Insurance in Indonesia Linked to Better Maternal Care
Low-income women in Indonesia who have health insurance coverage are more likely to deliver their babies in health facilities or with the aid of skilled birth attendants, reducing the risks of maternal mortality, according to a study led by School of Public Health researchers.
The study, in the journal BMC Health Services Research, found that poor women who have government-financed health insurance (Jamkesmas), which covers comprehensive maternity benefits, including prenatal care, institutional delivery, and postnatal care, were 19 percent more likely to deliver in a health facility and 17 percent more likely to deliver with a skilled birth attendant compared to poor women without insurance.
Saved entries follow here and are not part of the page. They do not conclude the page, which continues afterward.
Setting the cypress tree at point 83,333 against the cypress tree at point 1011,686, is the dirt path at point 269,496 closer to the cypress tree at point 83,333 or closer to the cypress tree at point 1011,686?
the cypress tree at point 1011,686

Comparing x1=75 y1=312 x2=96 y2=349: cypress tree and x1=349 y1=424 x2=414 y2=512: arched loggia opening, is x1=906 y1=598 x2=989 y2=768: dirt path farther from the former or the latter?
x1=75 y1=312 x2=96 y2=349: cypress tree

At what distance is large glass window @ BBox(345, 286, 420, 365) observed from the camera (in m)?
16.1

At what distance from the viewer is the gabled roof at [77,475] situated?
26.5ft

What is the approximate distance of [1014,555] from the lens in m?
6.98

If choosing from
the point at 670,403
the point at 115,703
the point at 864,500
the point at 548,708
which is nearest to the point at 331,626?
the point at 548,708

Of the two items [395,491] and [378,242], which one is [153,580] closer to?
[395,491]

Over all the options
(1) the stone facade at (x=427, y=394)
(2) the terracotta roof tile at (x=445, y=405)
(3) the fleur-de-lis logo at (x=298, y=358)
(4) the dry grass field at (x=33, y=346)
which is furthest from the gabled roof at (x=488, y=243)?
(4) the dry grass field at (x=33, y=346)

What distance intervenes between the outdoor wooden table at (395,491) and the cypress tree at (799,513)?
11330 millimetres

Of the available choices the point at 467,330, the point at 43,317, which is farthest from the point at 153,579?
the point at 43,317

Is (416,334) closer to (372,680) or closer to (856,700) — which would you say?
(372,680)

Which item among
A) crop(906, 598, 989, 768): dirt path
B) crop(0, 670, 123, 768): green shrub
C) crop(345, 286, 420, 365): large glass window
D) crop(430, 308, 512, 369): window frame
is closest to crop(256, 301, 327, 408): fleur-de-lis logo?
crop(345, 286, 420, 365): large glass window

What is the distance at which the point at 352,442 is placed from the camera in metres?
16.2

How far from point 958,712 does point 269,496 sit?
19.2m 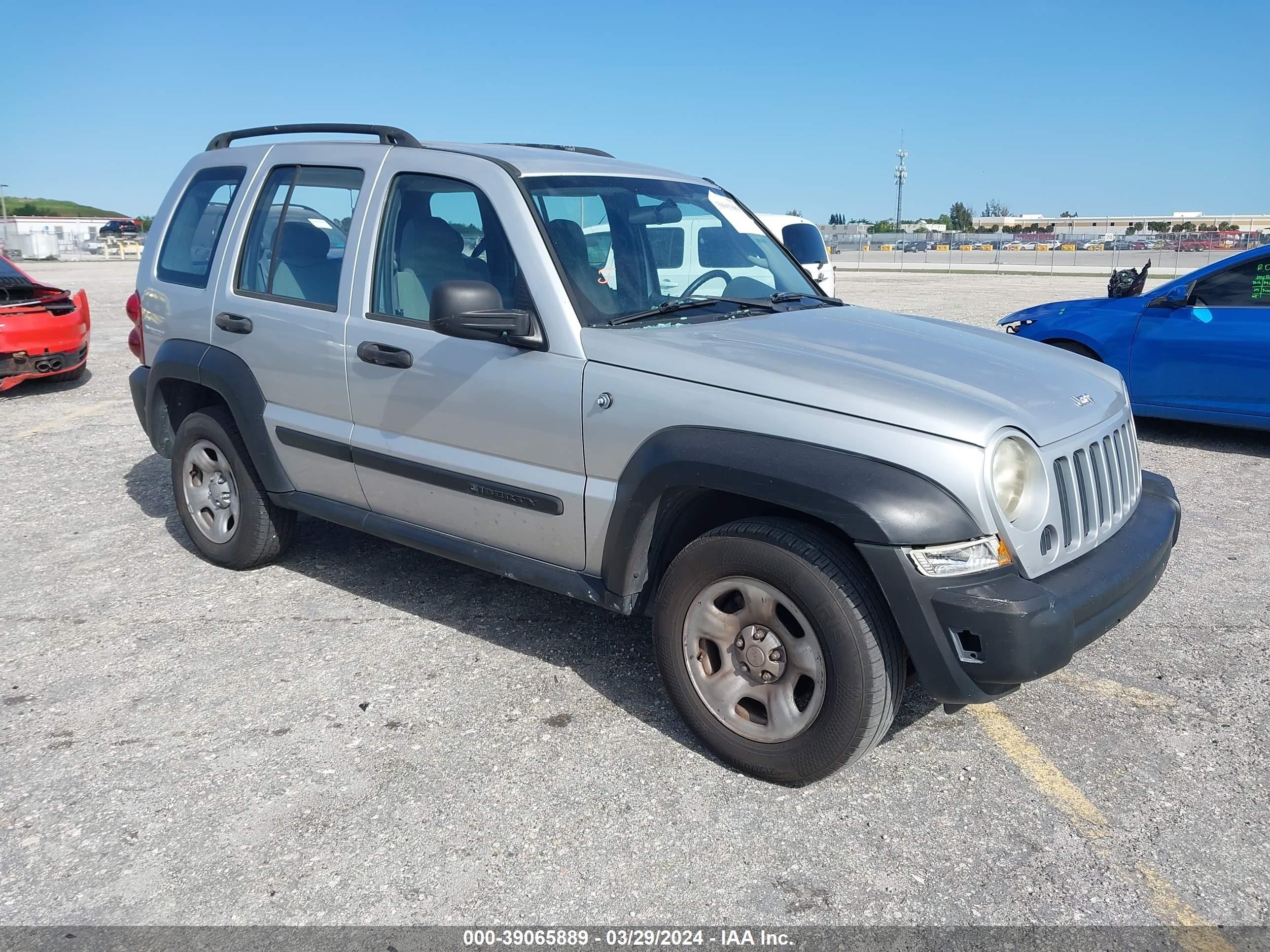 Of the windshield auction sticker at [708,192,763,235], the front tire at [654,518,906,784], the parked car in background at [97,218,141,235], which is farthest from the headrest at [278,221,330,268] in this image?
the parked car in background at [97,218,141,235]

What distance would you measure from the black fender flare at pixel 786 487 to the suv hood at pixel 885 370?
6.4 inches

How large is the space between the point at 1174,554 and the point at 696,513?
Answer: 3.26m

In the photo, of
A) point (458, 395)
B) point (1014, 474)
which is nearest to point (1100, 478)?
point (1014, 474)

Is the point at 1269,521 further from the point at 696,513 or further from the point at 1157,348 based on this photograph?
the point at 696,513

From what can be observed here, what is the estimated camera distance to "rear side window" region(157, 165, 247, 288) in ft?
16.1

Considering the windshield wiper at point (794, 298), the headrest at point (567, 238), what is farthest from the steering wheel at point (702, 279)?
the headrest at point (567, 238)

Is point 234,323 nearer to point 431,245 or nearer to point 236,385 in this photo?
point 236,385

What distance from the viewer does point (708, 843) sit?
2980 mm

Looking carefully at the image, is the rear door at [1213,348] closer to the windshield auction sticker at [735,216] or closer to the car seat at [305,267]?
the windshield auction sticker at [735,216]

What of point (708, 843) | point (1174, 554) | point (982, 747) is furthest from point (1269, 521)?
point (708, 843)

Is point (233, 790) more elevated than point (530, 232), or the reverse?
point (530, 232)

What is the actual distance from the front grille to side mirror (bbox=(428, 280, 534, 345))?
1814mm

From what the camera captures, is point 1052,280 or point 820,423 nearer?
point 820,423

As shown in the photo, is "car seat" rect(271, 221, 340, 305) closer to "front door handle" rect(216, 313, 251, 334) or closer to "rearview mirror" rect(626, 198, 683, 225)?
"front door handle" rect(216, 313, 251, 334)
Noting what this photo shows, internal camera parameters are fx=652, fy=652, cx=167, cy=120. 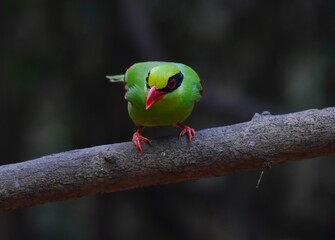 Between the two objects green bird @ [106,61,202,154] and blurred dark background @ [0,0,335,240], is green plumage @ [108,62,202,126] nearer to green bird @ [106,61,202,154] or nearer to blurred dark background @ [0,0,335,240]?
green bird @ [106,61,202,154]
Higher educational attainment and lower levels of poverty also were associated with a higher likelihood of skilled care, while unemployment, living in households with five or more family members, and living in rural areas were associated with a lower likelihood.
“These findings support the economic theory that health insurance coverage can reduce financial barriers to care and increase service uptake,” the authors said. “As part of the causal chain of events to reduce maternal mortality, health insurance can be a key component that encourages women to deliver their babies at health facilities or with the aid of skilled birth attendants.”
The research team highlighted a recommendation that insurance access be accompanied by other measures to reduce maternal mortality, including addressing socio-cultural barriers, making health facilities more accessible, and easing enrollment in the insurance plan. Cultural barriers they cited include a preference to deliver at the parental village, where access to maternal health services might be limited; a preference for the use of traditional birth attendants (TBAs); and “fatalistic views” among women that they had little control over whether they would survive their pregnancies. Study participants identified problems with the distances to health facilities; poor referral systems for higher levels of care; and expenditures such as transportation, food, and accommodation for family members.
The researchers also called for health-promotion strategies that increase community awareness about pregnancy-related risks and the importance of skilled birth attendants and health facility deliveries.
The study cited quality of care as a key barrier to maternal health care, with issues involving a shortage of qualified health providers, overcrowded health facilities, and a lack of health facility accreditation. The unequal distribution of experienced midwives and OB-GYNs in Indonesia means that rural and remote areas lack adequate numbers of health care providers to provide high-quality maternal health services, the authors said. In addition to not having enough skilled birth attendants, variability in their “clinical competence” also is a concern, according to the study.
“Health facilities must be fully equipped, and health providers sufficiently trained, in order to save the life of a woman in the event of an obstetric emergency,” the researchers said.
The study was led by Mohamad (Bram) Brooks, a 2016 graduate of the SPH DrPH program who is now with Pathfinder International in Watertown.
Co-authors include: Hasbullah Thabrany, chair of the Center for Health Economics and Policy Studies, University of Indonesia School of Public Health; Matthew Fox, professor of epidemiology and global health; and Veronika Wirtz, Frank (Rich) Feeley, and Lora Sabin, associate professors of global health.